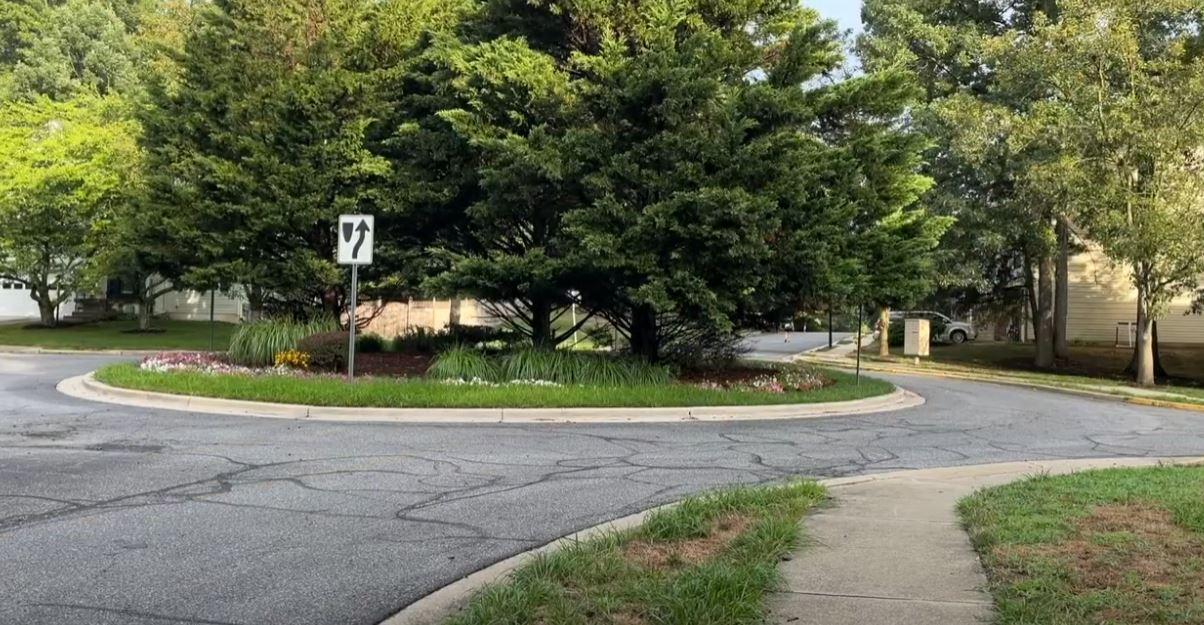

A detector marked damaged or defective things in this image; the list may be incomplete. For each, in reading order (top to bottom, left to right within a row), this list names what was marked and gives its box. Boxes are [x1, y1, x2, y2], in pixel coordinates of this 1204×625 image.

cracked asphalt [2, 354, 1204, 621]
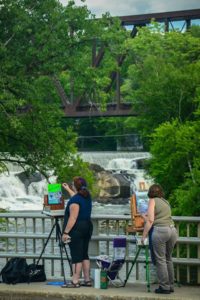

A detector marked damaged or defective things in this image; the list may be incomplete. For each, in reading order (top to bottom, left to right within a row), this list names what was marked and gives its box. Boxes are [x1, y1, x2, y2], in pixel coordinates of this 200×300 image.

rusty truss bridge [54, 9, 200, 118]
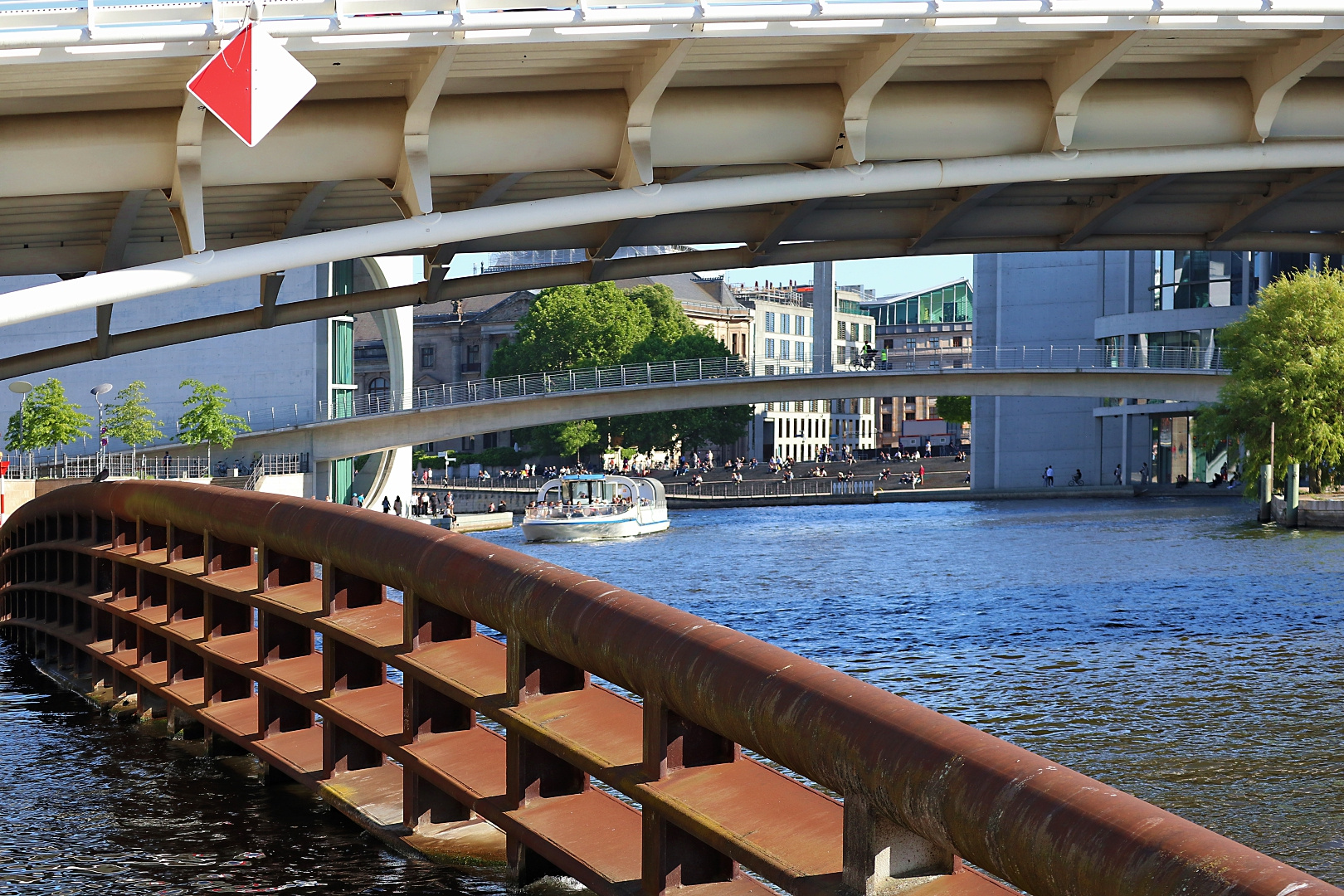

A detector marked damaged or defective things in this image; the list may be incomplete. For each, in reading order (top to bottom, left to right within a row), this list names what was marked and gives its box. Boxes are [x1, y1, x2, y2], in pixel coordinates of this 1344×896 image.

rusted steel railing [0, 483, 1333, 896]
rusty steel beam [5, 483, 1338, 896]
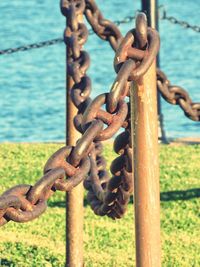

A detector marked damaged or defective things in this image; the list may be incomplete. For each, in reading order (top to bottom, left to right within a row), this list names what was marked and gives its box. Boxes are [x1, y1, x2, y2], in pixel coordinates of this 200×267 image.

rusted metal surface [130, 13, 161, 267]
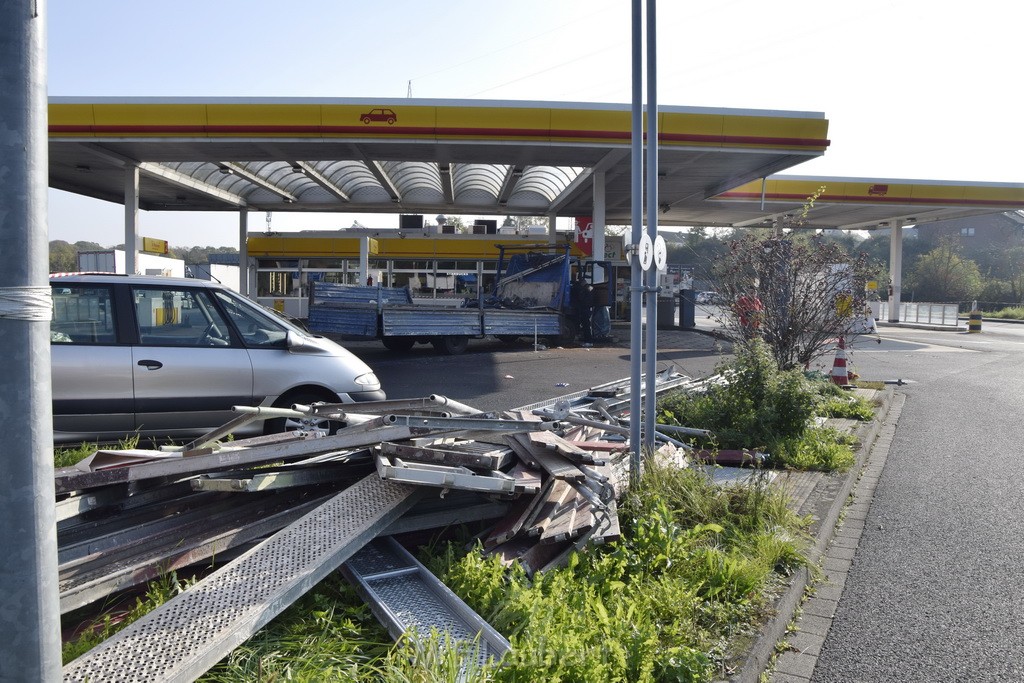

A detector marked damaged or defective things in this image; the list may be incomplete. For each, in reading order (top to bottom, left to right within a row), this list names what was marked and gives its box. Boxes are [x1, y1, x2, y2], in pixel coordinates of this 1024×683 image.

bent metal pole [0, 0, 62, 679]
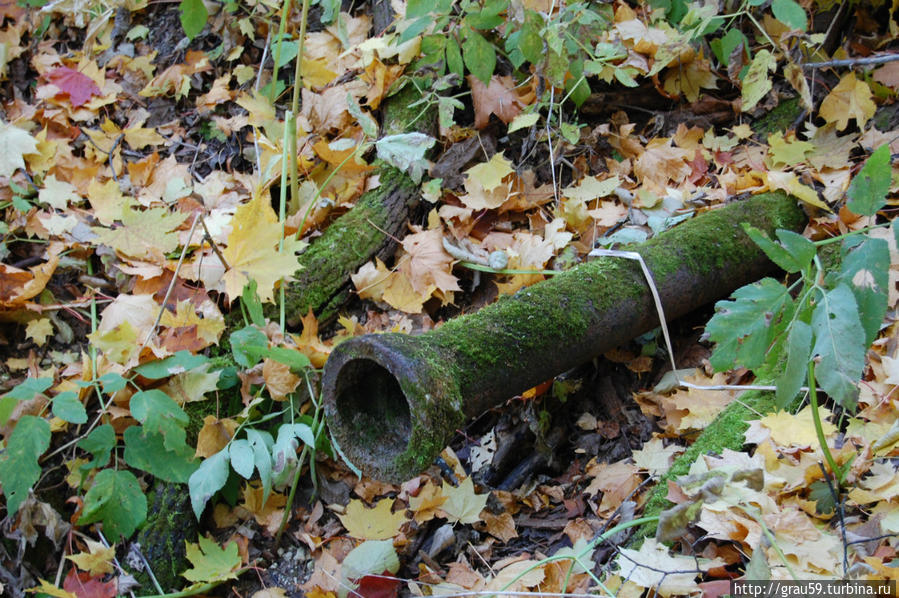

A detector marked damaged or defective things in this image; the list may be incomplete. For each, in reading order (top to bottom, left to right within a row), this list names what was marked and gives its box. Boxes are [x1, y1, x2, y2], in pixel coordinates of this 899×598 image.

rusty metal pipe [324, 192, 808, 482]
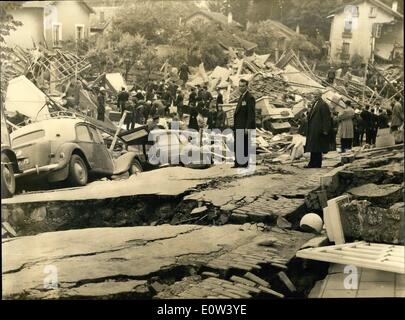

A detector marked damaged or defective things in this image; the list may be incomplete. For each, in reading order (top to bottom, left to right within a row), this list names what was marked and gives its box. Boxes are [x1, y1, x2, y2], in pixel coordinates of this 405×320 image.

damaged car [10, 117, 144, 188]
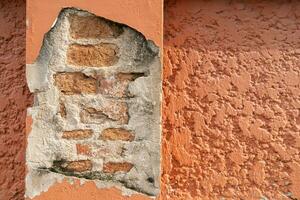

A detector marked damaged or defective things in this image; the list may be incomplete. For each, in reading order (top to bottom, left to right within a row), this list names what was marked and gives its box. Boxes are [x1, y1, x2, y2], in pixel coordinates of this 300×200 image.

damaged plaster [26, 7, 162, 198]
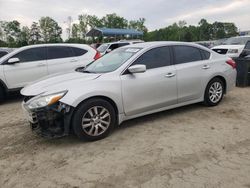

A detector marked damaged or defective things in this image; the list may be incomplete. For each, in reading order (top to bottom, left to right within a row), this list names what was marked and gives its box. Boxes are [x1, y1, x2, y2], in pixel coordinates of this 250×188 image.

damaged front bumper [22, 100, 74, 138]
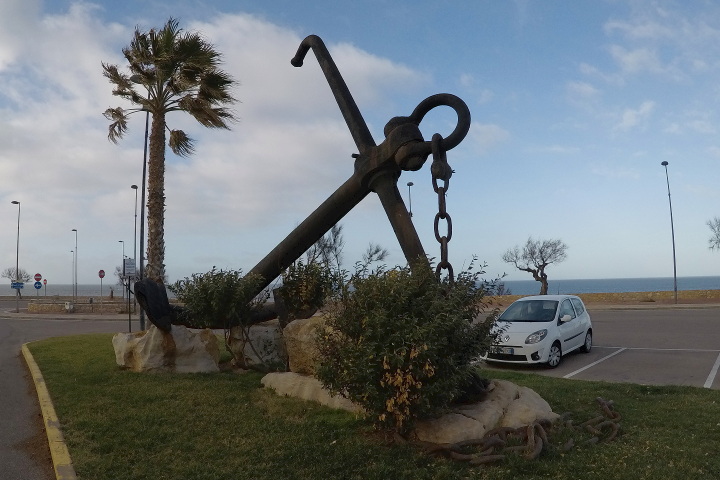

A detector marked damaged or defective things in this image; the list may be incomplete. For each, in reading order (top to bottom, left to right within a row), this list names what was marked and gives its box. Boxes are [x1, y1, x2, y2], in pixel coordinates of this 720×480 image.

coiled rusty chain [430, 133, 452, 284]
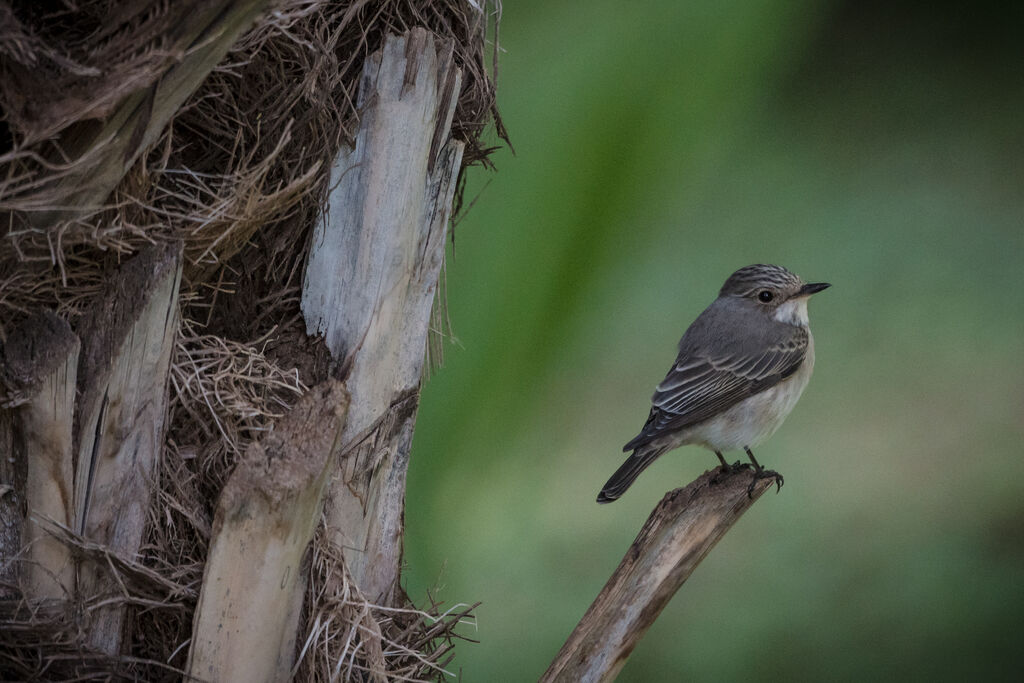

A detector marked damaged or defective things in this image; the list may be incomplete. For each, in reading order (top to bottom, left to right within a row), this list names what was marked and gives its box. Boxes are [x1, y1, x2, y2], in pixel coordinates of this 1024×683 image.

splintered wood [301, 28, 466, 602]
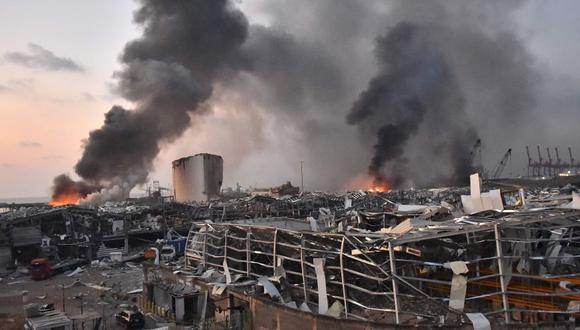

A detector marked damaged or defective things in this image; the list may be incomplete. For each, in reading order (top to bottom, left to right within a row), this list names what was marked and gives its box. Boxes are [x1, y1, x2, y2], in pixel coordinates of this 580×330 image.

damaged silo tower [171, 153, 223, 202]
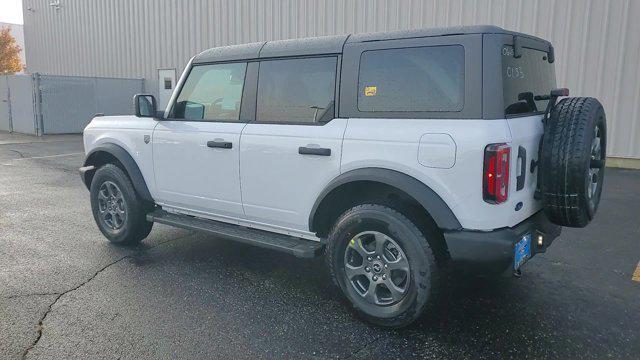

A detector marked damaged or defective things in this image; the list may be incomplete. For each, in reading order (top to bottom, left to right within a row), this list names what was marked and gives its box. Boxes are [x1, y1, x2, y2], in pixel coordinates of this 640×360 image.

cracked asphalt [1, 133, 640, 360]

* [What is expected] From the line containing "this 640×360 image." down to the final line of the data, write out every line exactly; both the first and last of these belong in your answer, and nothing else does.

* [Expected answer]
A detector marked damaged or defective things in this image; the list may be incomplete. For each, in reading order (top to bottom, left to right within a row), this list names what was marked and gives its box. Boxes are [x1, y1, x2, y2], in pixel coordinates of this 640×360 image.

cracked asphalt [1, 133, 640, 360]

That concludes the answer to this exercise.